Copper futures compared to spot price 18.feb. Source: CME Group 18.02.2023
Backwardation in the metal markets usually indicates a tight supply in the futures contract market. This could be due to several factors, such as production disruptions, inventory shortages, or rising demand.
The aluminum market is currently in backwardation as well. However, this seems to change in May, as futures contract prices exceed the spot price, assuming the spot price stays the same. Hence, from May through the end of this year, the aluminum market will shift to contango. This implies a change in the market for aluminum, indicating prices to rise in line with aluminum demand, as it is more valuable to hold the contract than to store the physical commodity.

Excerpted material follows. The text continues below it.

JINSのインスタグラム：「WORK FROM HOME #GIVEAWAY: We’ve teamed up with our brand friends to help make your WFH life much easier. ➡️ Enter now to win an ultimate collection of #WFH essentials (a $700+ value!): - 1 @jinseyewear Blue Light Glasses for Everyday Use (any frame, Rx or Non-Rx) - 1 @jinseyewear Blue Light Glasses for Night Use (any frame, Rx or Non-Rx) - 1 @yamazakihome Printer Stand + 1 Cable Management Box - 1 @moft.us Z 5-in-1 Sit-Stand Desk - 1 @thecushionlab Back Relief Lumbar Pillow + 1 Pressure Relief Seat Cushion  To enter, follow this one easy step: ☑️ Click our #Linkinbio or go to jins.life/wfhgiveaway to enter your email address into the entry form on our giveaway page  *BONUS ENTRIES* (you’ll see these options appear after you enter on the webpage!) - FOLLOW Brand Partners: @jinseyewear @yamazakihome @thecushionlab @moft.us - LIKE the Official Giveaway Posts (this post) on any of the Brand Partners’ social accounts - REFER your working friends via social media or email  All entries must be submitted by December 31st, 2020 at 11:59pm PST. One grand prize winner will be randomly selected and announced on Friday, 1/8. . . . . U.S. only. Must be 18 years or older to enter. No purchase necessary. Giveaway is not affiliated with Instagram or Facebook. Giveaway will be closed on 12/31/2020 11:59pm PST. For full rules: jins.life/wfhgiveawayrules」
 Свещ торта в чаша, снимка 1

Aluminum futures compared to spot price 18.feb. Source: CME Group 18.02.2023
Contango and backwardation are opposites. Investors that trade commodities with futures contracts that are thought to be in backwardation are likely to keep a long position. This is because a long position ensures a positive roll return. In contango, if investors buy the long end and sell the short end, they end up with a negative roll return; therefore, in a contango market, investors can short contracts to make a profit. Going forward, it will be interesting to keep an eye on the development, especially on demand, which we view as a critical factor in the coming year.